> [Task instructions]:
Scan the entries below for "under" and copy each line that holds it.
Start of Material shown
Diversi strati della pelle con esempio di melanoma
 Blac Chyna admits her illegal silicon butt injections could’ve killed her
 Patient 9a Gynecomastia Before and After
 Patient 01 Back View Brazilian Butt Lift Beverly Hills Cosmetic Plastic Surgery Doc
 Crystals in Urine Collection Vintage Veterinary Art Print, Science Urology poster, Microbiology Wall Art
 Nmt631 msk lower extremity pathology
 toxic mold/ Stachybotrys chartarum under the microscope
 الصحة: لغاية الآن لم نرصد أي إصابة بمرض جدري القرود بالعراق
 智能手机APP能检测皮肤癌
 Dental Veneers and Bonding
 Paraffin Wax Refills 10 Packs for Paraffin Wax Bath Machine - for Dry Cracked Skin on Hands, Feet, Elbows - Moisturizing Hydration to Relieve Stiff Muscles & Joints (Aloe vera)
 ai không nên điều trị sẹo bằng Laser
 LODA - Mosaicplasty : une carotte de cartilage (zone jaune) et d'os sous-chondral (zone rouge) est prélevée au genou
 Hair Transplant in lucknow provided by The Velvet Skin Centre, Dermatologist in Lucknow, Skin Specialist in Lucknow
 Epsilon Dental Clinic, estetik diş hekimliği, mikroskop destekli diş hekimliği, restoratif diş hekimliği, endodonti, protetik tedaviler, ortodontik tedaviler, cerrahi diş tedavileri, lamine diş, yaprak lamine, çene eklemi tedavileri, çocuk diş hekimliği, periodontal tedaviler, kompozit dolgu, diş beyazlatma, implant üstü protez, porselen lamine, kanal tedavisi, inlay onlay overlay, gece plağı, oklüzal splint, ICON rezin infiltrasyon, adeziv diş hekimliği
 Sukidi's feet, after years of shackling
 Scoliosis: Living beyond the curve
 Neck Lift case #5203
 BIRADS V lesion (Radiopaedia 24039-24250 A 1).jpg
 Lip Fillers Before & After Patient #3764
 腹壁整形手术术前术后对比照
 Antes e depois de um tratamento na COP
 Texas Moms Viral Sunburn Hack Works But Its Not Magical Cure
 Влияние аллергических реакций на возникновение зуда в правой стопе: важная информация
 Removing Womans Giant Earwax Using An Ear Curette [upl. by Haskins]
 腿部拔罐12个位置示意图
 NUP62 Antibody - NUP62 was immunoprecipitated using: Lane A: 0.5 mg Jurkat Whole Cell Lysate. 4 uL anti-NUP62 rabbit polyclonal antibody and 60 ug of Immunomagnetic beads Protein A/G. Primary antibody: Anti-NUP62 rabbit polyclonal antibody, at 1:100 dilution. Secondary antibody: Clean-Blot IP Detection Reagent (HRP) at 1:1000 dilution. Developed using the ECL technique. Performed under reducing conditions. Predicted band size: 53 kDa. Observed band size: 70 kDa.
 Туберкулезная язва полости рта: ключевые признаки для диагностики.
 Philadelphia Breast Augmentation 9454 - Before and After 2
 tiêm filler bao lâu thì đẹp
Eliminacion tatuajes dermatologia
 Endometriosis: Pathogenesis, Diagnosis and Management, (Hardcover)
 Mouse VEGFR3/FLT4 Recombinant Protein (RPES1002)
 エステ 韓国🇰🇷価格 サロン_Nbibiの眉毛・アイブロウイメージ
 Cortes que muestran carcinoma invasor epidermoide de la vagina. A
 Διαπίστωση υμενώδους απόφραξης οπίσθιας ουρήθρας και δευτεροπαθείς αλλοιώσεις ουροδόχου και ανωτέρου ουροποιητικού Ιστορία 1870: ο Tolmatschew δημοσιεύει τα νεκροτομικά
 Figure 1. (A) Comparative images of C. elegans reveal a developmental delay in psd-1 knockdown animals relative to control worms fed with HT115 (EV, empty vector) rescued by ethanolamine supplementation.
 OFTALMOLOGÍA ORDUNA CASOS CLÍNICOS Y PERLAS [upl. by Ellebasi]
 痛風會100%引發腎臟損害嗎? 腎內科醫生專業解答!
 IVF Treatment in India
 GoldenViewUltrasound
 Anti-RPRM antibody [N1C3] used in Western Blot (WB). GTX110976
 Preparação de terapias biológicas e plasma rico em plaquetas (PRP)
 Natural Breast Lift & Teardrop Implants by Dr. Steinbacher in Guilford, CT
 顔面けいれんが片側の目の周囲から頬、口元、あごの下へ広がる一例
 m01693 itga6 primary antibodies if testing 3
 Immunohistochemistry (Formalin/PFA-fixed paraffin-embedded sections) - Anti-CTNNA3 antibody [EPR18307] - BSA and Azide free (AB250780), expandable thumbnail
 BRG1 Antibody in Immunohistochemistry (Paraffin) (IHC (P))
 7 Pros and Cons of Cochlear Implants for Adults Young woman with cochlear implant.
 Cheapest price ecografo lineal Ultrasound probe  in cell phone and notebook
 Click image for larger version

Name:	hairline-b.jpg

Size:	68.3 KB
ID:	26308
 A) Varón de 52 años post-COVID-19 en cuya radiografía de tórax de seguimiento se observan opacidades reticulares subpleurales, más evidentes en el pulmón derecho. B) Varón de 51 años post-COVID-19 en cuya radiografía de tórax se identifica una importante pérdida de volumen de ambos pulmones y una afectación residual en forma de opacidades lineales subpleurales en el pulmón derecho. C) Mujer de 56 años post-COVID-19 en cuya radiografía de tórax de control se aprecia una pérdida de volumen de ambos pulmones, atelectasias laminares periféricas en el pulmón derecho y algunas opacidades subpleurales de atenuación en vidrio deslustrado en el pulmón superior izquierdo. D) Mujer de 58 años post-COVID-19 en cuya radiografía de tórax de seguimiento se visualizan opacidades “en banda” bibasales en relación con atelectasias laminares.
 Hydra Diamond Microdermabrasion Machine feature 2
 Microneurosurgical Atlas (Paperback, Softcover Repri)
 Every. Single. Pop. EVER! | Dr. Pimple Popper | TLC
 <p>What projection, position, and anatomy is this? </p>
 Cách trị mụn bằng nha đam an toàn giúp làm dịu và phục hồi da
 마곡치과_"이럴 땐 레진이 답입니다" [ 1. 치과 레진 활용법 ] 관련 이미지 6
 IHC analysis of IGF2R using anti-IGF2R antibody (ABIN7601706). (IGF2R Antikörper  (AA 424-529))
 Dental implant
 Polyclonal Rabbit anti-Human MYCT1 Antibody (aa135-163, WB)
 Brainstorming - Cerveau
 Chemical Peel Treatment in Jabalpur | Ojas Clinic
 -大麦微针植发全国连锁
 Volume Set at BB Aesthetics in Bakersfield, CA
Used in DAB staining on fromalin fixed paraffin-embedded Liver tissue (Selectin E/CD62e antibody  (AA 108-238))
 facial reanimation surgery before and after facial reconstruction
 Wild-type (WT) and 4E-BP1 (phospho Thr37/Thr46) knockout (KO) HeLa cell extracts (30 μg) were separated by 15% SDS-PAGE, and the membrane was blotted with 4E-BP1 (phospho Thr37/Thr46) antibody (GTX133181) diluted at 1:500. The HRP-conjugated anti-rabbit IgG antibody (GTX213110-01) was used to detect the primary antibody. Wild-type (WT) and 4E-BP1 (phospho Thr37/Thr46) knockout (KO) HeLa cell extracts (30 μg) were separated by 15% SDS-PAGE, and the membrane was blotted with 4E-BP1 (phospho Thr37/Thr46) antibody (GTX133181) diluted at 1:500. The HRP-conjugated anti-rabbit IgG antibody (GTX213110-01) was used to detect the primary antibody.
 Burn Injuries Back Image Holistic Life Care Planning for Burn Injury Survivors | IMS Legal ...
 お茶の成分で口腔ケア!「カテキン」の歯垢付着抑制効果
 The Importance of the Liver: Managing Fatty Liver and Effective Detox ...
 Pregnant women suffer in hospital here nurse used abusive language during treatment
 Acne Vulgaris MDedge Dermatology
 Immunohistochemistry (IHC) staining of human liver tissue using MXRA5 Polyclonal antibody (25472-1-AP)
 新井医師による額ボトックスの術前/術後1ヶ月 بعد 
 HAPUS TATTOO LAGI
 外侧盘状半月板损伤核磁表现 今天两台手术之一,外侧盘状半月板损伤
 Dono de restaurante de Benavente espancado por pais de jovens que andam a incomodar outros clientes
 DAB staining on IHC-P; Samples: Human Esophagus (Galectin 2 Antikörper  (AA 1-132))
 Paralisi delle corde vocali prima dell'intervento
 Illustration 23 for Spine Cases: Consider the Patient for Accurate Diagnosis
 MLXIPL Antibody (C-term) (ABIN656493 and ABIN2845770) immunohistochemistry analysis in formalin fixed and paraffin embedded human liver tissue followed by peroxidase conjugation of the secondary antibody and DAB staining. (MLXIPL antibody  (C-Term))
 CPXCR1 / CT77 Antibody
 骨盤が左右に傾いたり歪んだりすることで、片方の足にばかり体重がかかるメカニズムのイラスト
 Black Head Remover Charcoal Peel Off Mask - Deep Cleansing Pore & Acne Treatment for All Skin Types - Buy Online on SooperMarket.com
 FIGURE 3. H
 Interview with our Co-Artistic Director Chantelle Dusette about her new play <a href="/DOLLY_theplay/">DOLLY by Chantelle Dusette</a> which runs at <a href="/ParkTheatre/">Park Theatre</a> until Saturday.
End of Material shown
> [Written answer]:
 toxic mold/ Stachybotrys chartarum under the microscope
 NUP62 Antibody - NUP62 was immunoprecipitated using: Lane A: 0.5 mg Jurkat Whole Cell Lysate. 4 uL anti-NUP62 rabbit polyclonal antibody and 60 ug of Immunomagnetic beads Protein A/G. Primary antibody: Anti-NUP62 rabbit polyclonal antibody, at 1:100 dilution. Secondary antibody: Clean-Blot IP Detection Reagent (HRP) at 1:1000 dilution. Developed using the ECL technique. Performed under reducing conditions. Predicted band size: 53 kDa. Observed band size: 70 kDa.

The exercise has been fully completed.